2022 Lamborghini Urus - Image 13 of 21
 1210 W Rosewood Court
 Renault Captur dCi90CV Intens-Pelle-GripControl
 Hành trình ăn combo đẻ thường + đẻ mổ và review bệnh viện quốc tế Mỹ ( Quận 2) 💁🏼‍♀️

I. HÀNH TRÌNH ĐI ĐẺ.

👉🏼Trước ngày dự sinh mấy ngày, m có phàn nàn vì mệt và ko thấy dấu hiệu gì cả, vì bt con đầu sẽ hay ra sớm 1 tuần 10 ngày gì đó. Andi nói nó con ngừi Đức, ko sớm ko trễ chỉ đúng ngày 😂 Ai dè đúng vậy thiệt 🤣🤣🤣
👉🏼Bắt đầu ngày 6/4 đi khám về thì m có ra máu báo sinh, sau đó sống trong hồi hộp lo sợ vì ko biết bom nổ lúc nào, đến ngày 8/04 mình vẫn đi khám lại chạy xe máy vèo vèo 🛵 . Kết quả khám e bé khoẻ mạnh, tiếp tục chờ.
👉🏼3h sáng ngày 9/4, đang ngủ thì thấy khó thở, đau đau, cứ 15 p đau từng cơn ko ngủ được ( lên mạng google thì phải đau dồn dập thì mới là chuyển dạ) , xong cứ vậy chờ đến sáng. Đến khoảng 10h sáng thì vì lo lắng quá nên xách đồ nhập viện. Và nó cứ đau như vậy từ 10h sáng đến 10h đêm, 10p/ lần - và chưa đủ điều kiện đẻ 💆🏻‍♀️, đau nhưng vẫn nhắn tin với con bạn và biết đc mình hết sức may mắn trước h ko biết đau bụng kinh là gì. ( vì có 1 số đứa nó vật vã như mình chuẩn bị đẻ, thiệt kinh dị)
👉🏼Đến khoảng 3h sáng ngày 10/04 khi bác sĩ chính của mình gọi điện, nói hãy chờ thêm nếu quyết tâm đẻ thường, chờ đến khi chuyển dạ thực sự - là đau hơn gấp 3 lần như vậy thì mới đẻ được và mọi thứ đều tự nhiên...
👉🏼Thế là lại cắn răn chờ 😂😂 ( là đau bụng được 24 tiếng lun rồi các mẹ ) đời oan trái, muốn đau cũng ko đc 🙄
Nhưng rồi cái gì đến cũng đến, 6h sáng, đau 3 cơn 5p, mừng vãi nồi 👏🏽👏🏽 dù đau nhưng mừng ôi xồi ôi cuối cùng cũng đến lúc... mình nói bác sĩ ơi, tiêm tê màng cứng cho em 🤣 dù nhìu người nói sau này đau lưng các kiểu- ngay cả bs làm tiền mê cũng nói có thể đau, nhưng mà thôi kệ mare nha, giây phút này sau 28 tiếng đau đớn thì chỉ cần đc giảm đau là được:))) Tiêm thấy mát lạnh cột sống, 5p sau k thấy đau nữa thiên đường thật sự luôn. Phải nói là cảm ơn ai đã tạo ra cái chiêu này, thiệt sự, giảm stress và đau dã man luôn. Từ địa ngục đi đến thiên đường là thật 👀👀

WHAT TO DO> How many lines in the listing above contain the string "sinh"? Answer with the number only.

YOUR SOLUTION> 2